What you are asked to do: Output the lines from the top of the entries below to the line with "May include: Three", both included, exactly and without pictures.

*** Data Section Begins ***

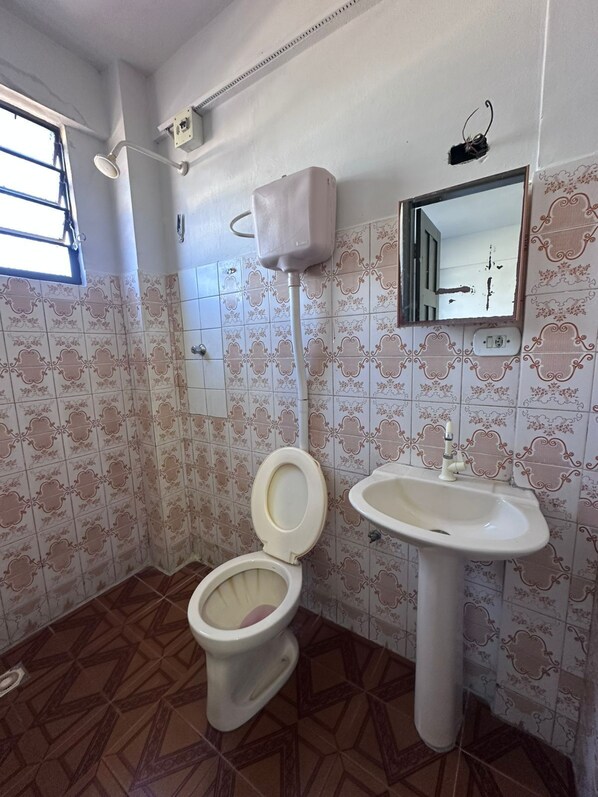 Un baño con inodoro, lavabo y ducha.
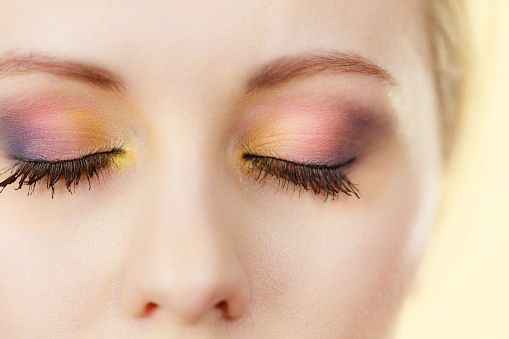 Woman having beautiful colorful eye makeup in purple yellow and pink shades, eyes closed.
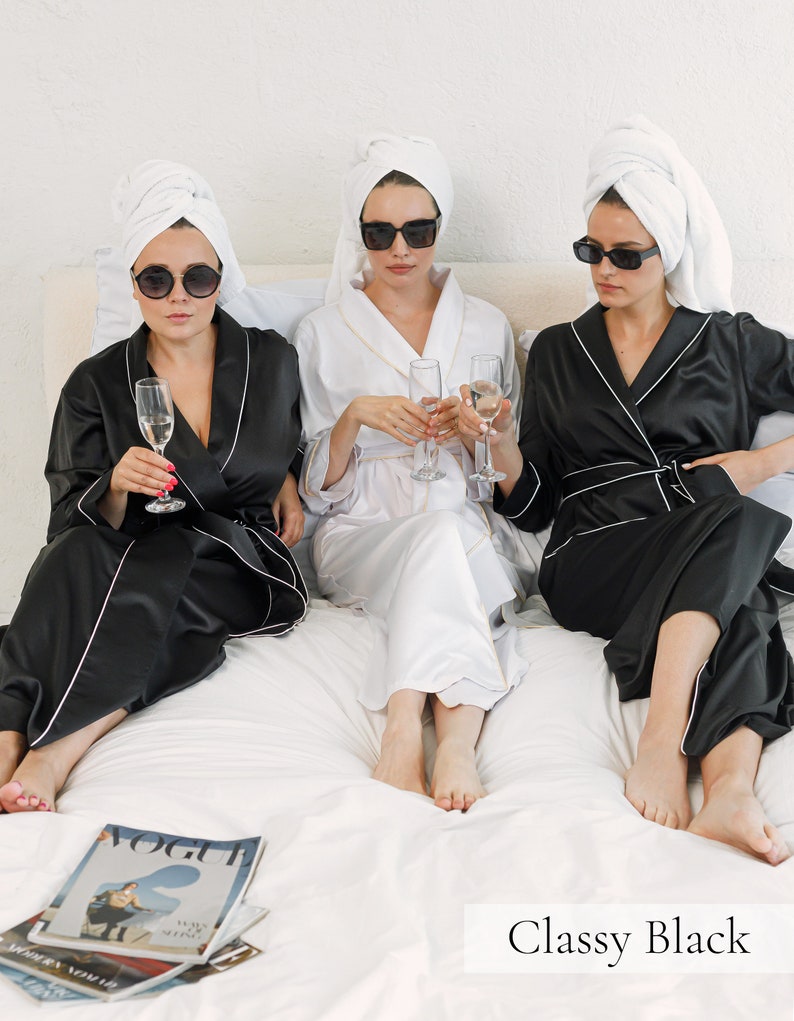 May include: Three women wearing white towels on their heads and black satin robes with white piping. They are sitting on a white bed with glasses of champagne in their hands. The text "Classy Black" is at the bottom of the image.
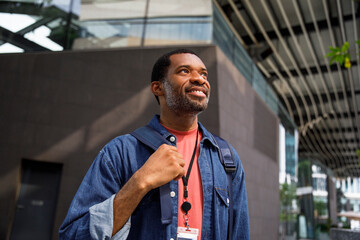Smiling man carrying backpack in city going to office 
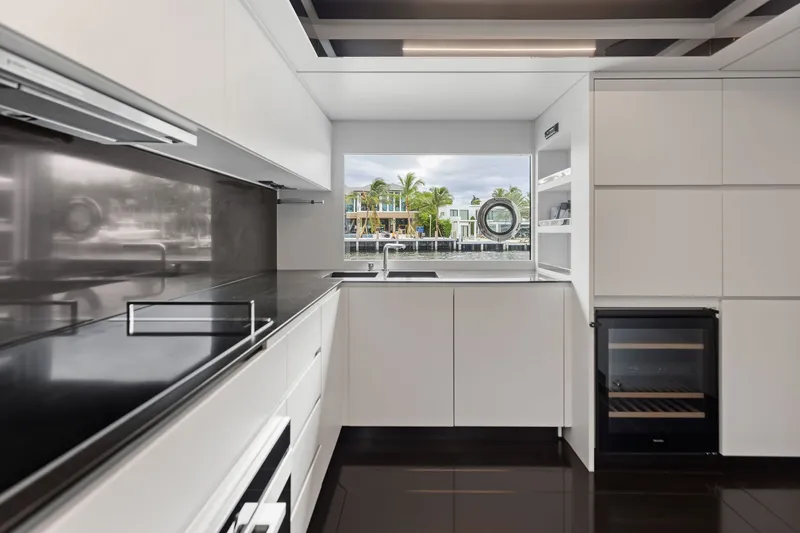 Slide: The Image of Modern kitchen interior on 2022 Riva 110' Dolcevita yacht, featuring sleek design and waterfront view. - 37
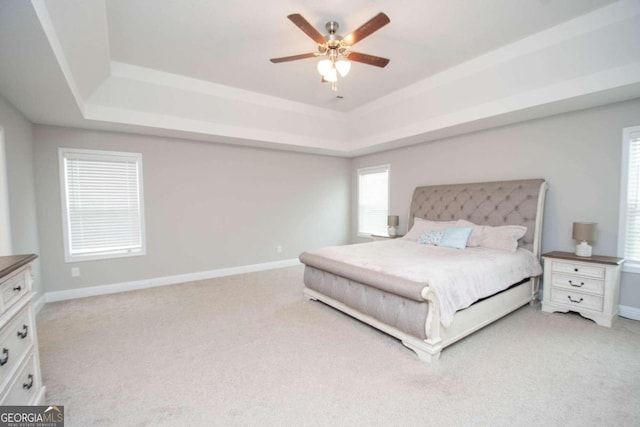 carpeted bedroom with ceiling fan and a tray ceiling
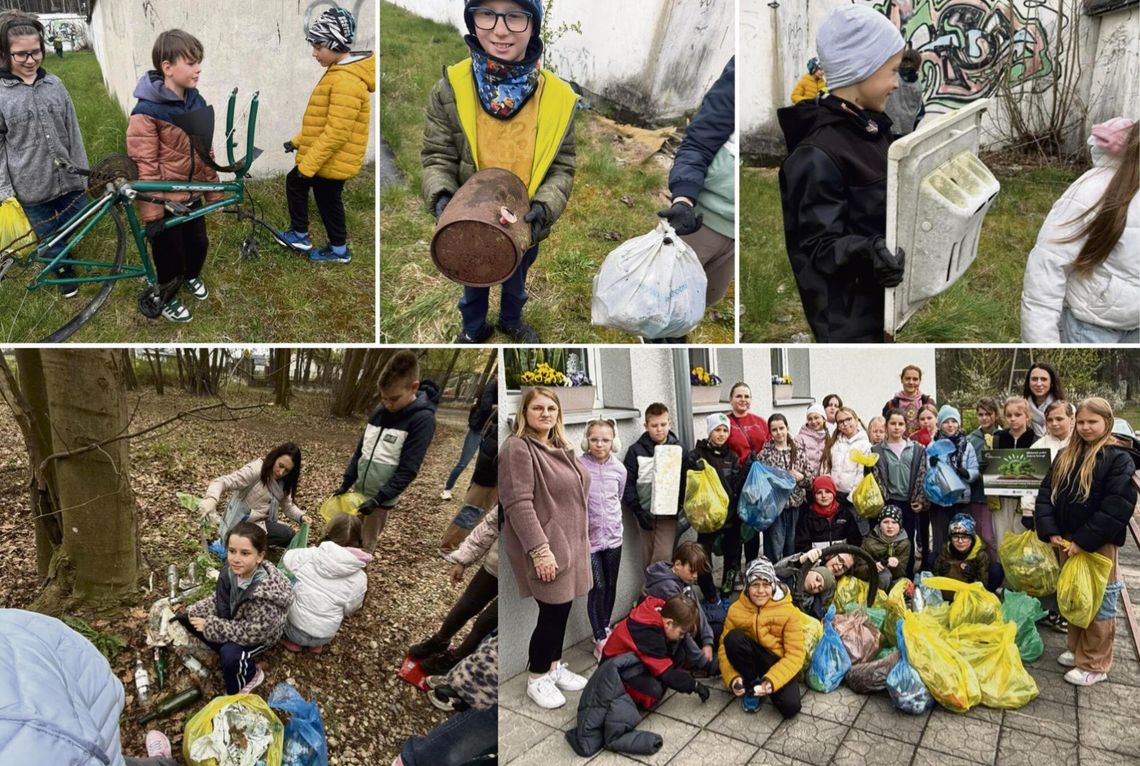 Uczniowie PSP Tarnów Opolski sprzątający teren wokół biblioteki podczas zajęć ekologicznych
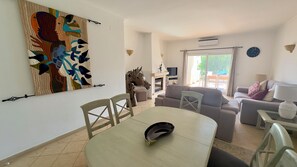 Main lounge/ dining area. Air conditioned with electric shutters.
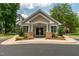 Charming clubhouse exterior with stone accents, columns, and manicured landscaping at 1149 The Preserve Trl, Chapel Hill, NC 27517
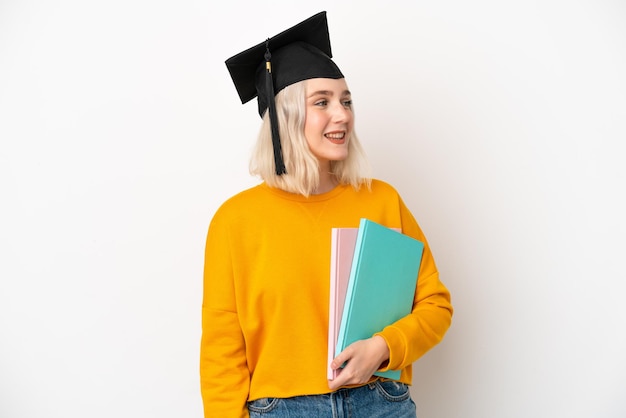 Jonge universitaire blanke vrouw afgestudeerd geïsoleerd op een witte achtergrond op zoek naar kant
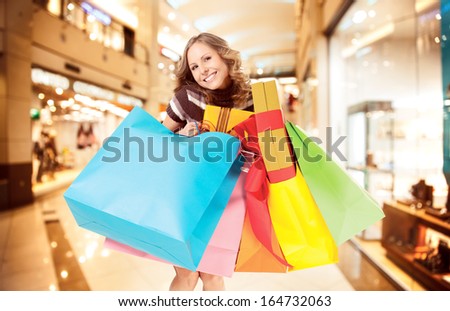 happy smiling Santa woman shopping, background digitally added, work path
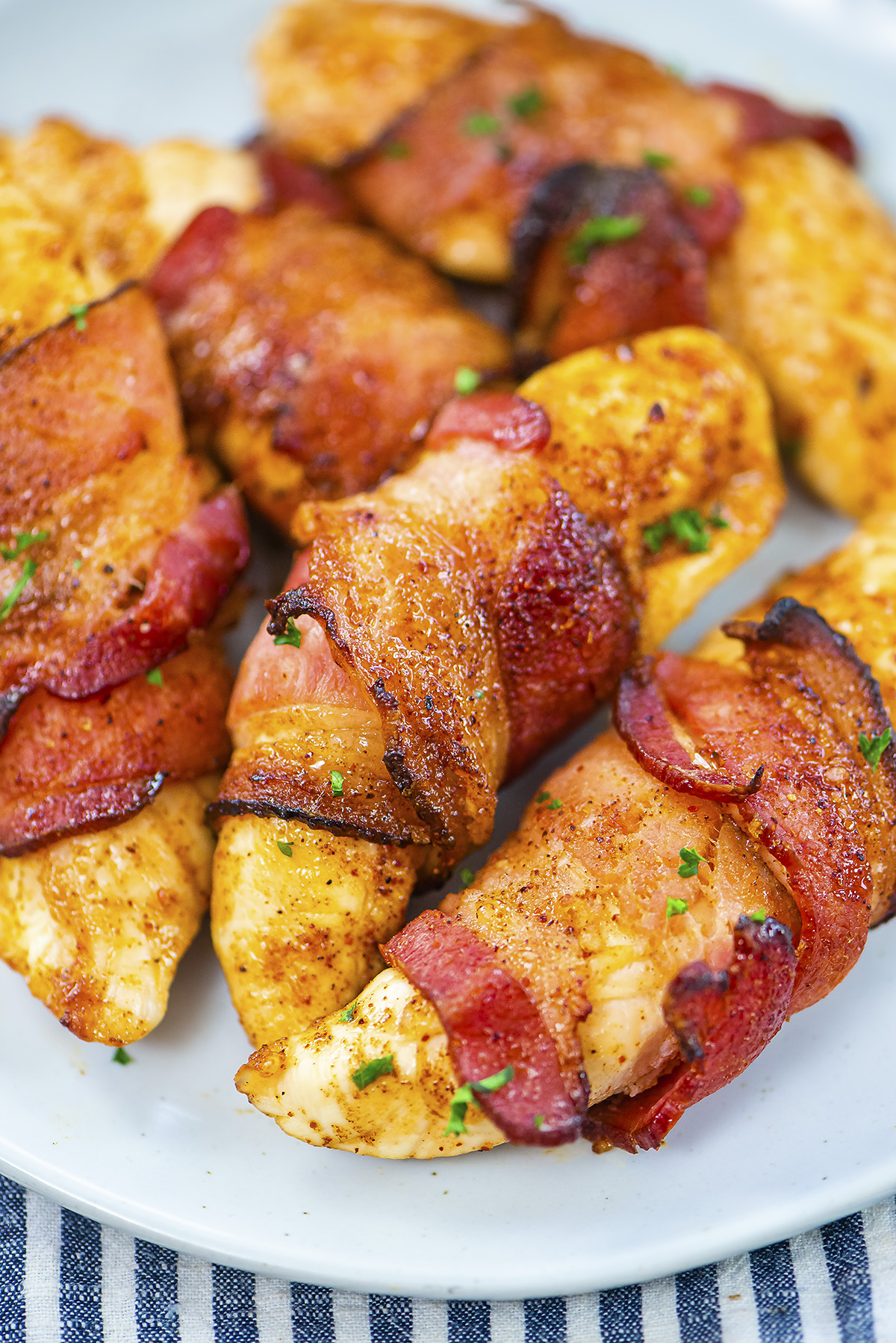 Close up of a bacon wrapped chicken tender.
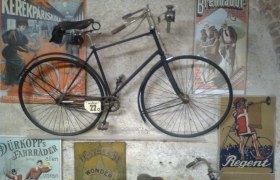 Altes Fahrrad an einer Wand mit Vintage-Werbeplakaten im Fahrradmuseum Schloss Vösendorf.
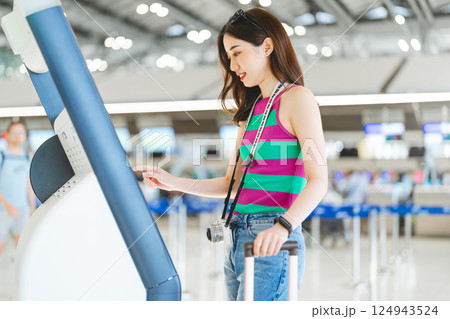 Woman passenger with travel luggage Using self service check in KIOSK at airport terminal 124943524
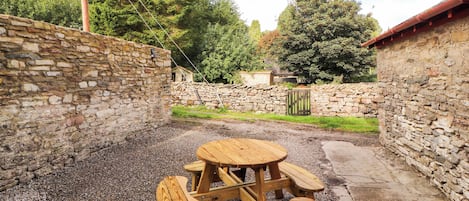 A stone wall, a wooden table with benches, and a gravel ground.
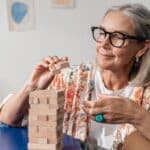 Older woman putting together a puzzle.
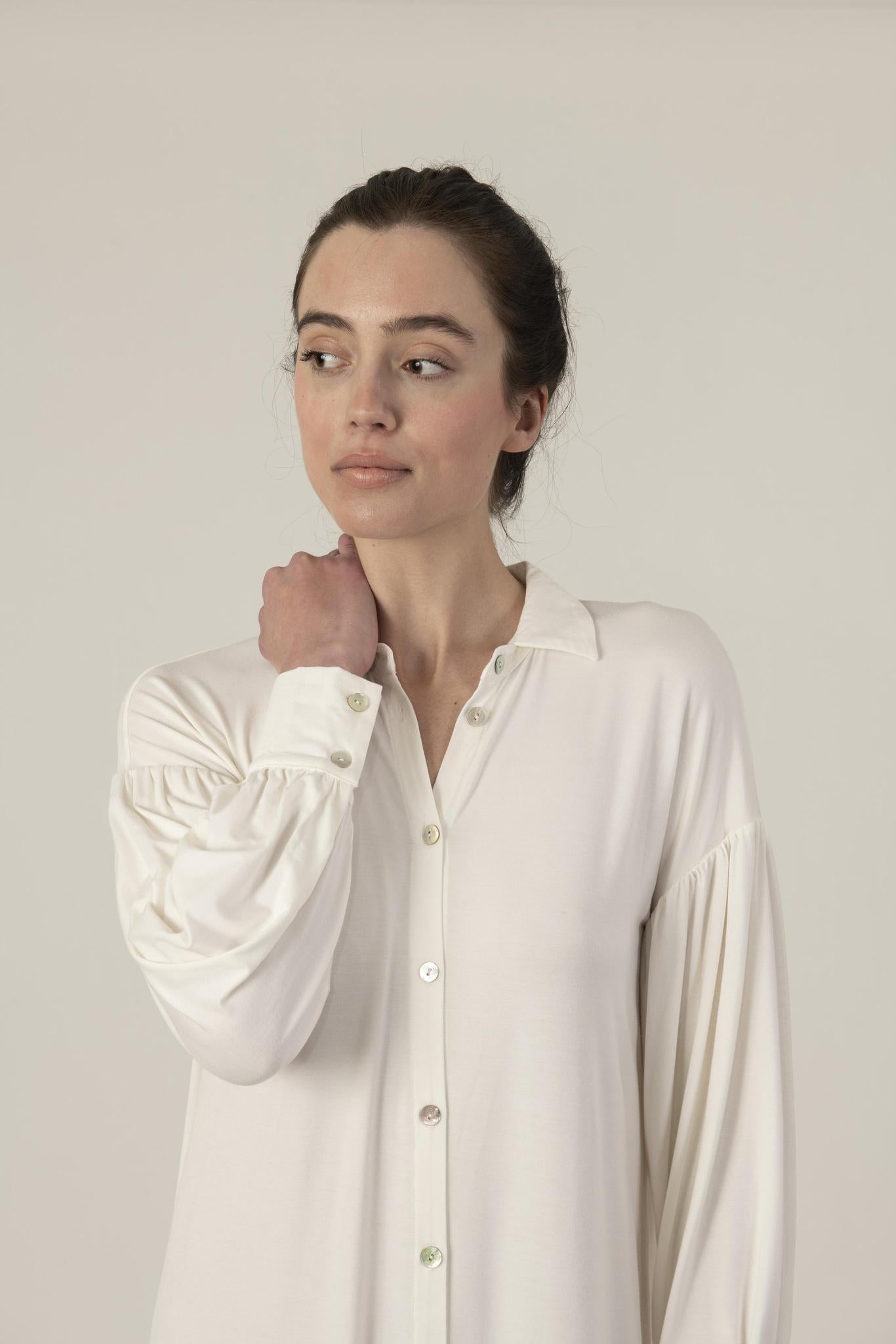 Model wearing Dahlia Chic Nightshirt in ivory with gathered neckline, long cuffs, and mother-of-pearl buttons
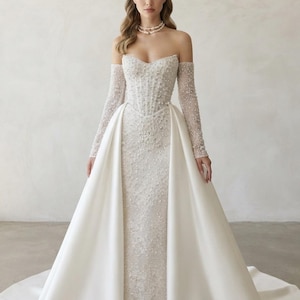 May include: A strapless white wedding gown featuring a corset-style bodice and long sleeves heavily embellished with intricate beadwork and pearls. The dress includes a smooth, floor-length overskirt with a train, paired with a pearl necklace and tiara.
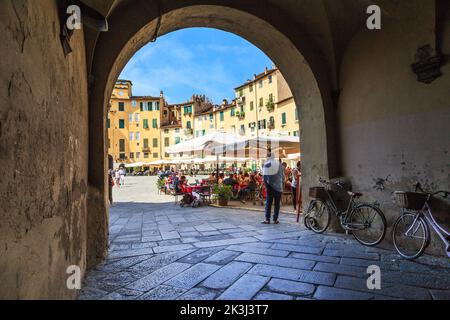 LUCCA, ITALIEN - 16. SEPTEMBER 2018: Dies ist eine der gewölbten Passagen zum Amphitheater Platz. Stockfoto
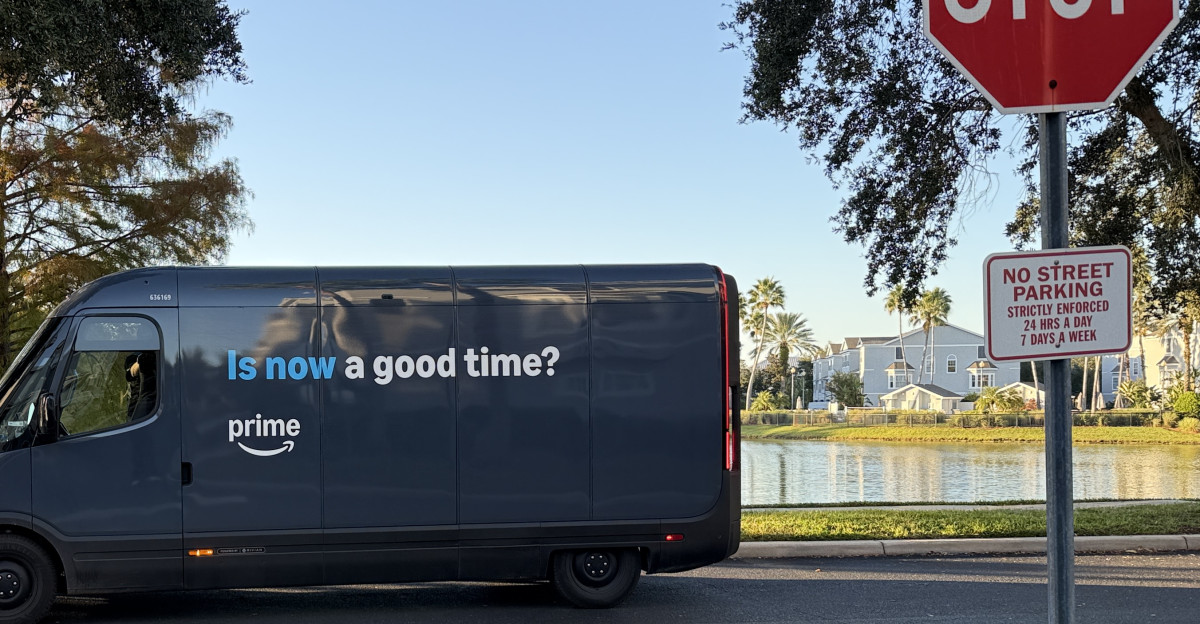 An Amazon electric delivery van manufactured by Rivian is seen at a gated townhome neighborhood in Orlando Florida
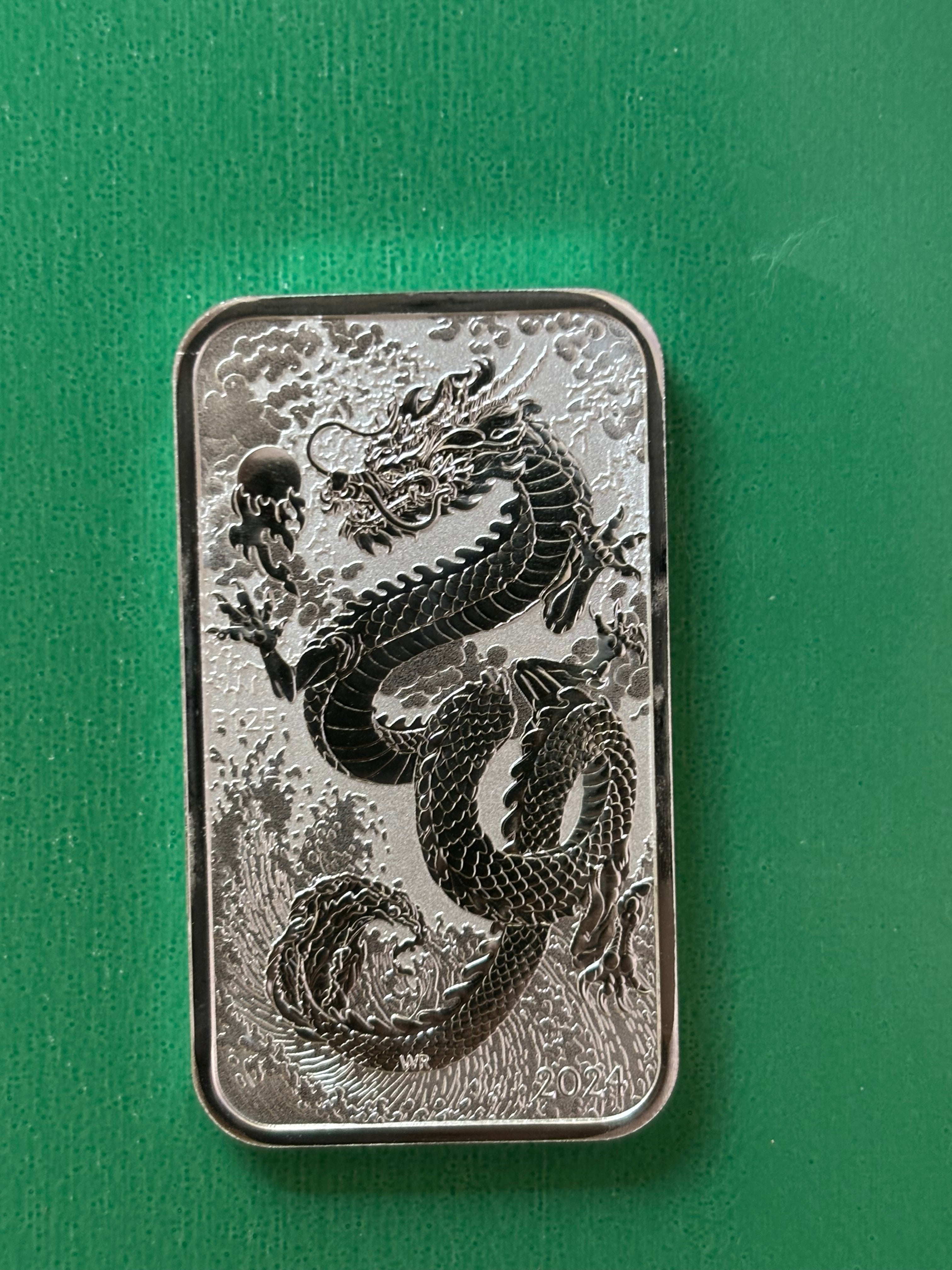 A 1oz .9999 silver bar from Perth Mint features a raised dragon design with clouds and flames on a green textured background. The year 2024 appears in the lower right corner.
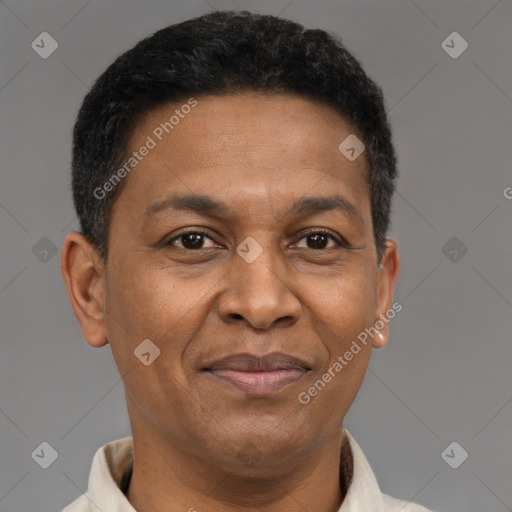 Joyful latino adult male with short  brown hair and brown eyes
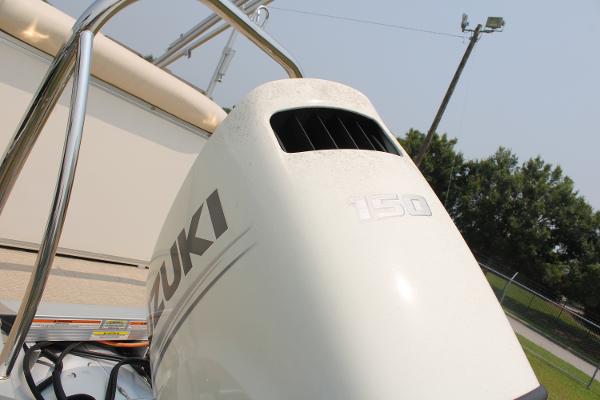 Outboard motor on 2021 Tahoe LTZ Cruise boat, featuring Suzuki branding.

*** Data Section Ends ***

Exercise result:
 Un baño con inodoro, lavabo y ducha.
 Woman having beautiful colorful eye makeup in purple yellow and pink shades, eyes closed.
 May include: Three women wearing white towels on their heads and black satin robes with white piping. They are sitting on a white bed with glasses of champagne in their hands. The text "Classy Black" is at the bottom of the image.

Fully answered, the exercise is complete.